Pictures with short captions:

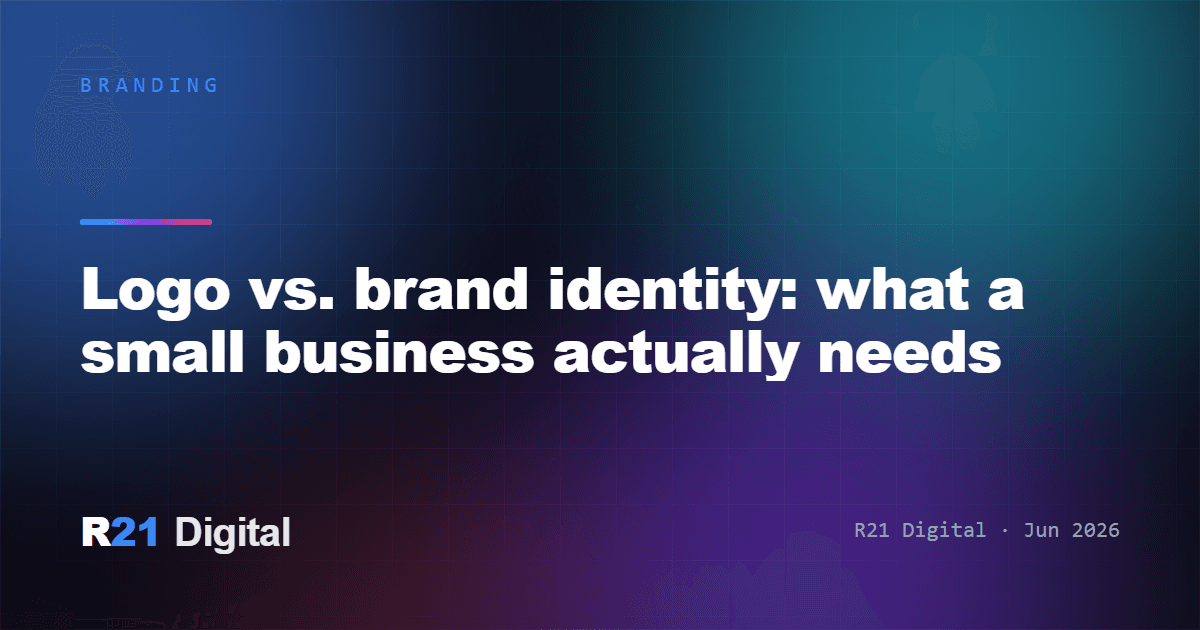 Logo vs. brand identity: what a small business actually needs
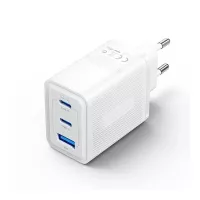 Зарядний пристрій Vention 2xUSB-C PD65W + 1xUSB QC3.0 60W GaN white Фото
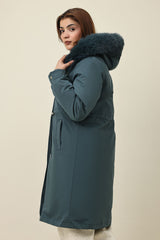 SHEARLING AVIATOR JACKET-BLUE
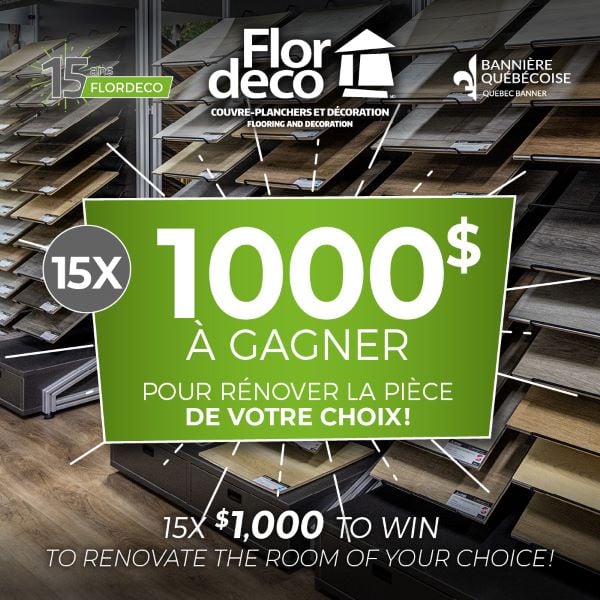 Gagnez l’une des 15 cartes-cadeaux de 1 000$ chez Flordeco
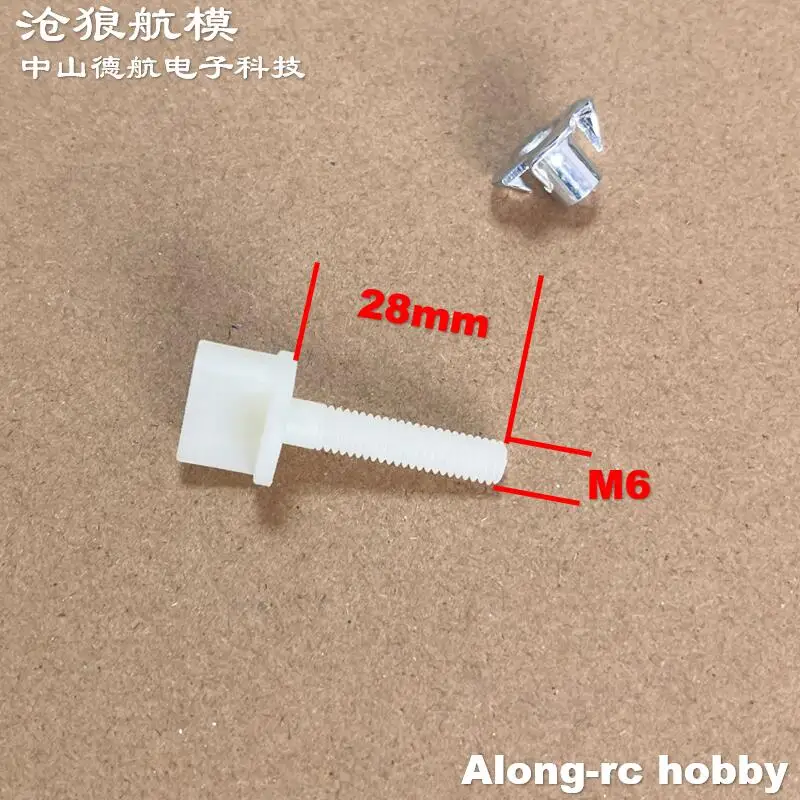 10 Stück 4 mm oder 5 mm oder 6 mm Nylon-Schrauben, Handschrauben für Modellflugzeuge, DIY RC-Flugzeug, Flugzeug, Gasflugzeug, Teil – Detail 4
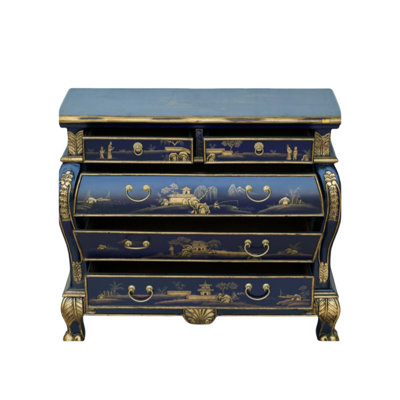 Hand-Painted Decorated Furniture Porch Cabinets Solid Wood Accent Chest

** Your goal **
Your response should consist solely of the lines from the line with "Gagnez l’une des" through the last line of the entries above, printed exactly and without pictures.

** Written response **
 Gagnez l’une des 15 cartes-cadeaux de 1 000$ chez Flordeco
 10 Stück 4 mm oder 5 mm oder 6 mm Nylon-Schrauben, Handschrauben für Modellflugzeuge, DIY RC-Flugzeug, Flugzeug, Gasflugzeug, Teil – Detail 4
 Hand-Painted Decorated Furniture Porch Cabinets Solid Wood Accent Chest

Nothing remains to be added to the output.